Re: meltdown and spectre bug

Posted: Mon Jan 08, 2018 3:20 pm
by Coldly-Indifferent
The question I'm asking is why these apparently serious flaws not been spotted before? I've seen articles which say they affect almost any CPU likely to have been manufactured in the last 10 years or more. I'm probably being overly cynical but I'd be looking for evidence that these problems were actually known about long ago and just not addressed for the usual reason: cost.

But, once found, why on earth have they been so stupidly widely advertised? Hasn't the already suspect computer security industry only compounded the risk by allowing news of these flaws to leak? Instead of keeping quiet, creating a trouble free patch ASAP and releasing that fix everyone and their grandmother knows about them.

There's nothing the average PC user can do about it until it is properly patched and yet now on every forum around the world like this you suddenly have millions of people wringing their hands in fear about a security problem they have been living with for possibly as long as a decade but blithely unaware.

Re: meltdown and spectre bug

Posted: Tue Jan 09, 2018 12:00 pm
by professor_jonny
problem is the patch will slow down branch prediction by aprox 15-20 % from my rough tests, it is really quite damaging in honesty.

it seems that amd does not have all of the bugs identified but some os's are applying all patches penalising their performance.

we may see it time microcode updates drizzled down onto bios updates but sadly there is a lot of hardware out there with these bugs that will never get patched and a lot of software that will not get patched too.

it was found and released months ago by a project called google project zero they reported this issue to Intel, AMD and ARM on 2017-06-01 way before it became publically available.

Re: meltdown and spectre bug

Posted: Tue Jan 16, 2018 2:19 pm
by Dan Dar3
Microsoft published some benchmarking results: ... s-systems/

One of the questions for all these fixes is the impact they could have on the performance of both PCs and servers. It is important to note that many of the benchmarks published so far do not include both OS and silicon updates. We’re performing our own sets of benchmarks and will publish them when complete, but I also want to note that we are simultaneously working on further refining our work to tune performance.
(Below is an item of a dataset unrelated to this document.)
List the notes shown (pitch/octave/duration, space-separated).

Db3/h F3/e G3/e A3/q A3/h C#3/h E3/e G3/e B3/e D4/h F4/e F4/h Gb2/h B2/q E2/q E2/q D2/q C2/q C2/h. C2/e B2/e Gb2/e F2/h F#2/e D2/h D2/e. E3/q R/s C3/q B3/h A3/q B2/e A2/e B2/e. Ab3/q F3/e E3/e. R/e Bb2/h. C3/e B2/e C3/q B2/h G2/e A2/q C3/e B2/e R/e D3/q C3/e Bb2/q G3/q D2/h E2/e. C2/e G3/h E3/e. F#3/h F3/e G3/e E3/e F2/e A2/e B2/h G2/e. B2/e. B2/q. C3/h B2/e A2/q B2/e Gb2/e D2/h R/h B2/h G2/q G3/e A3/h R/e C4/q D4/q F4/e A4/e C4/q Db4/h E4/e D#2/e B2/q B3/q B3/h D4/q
In general, our experience is that Variant 1 and Variant 3 mitigations have minimal performance impact, while Variant 2 remediation, including OS and microcode, has a performance impact.
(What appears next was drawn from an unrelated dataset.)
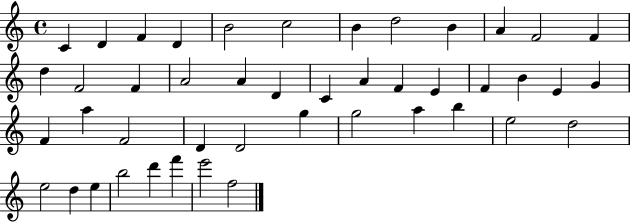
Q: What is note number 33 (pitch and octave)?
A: G5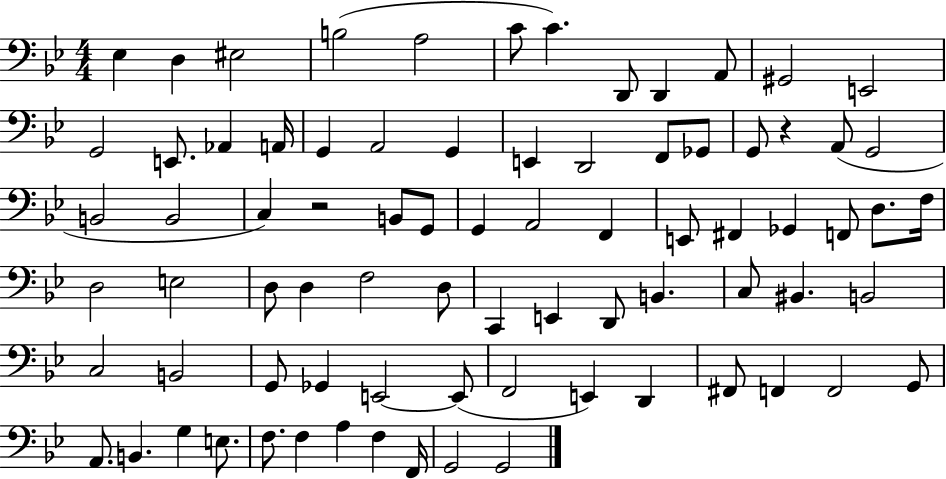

Here is the summary of what we have found so far:
  • With Windows 10 on newer silicon (2016-era PCs with Skylake, Kabylake or newer CPU), benchmarks show single-digit slowdowns, but we don’t expect most users to notice a change because these percentages are reflected in milliseconds.
  • With Windows 10 on older silicon (2015-era PCs with Haswell or older CPU), some benchmarks show more significant slowdowns, and we expect that some users will notice a decrease in system performance.
  • With Windows 8 and Windows 7 on older silicon (2015-era PCs with Haswell or older CPU), we expect most users to notice a decrease in system performance.
  • Windows Server on any silicon, especially in any IO-intensive application, shows a more significant performance impact when you enable the mitigations to isolate untrusted code within a Windows Server instance. This is why you want to be careful to evaluate the risk of untrusted code for each Windows Server instance, and balance the security versus performance tradeoff for your environment.
For context, on newer CPUs such as on Skylake and beyond, Intel has refined the instructions used to disable branch speculation to be more specific to indirect branches, reducing the overall performance penalty of the Spectre mitigation. Older versions of Windows have a larger performance impact because Windows 7 and Windows 8 have more user-kernel transitions because of legacy design decisions, such as all font rendering taking place in the kernel. We will publish data on benchmark performance in the weeks ahead.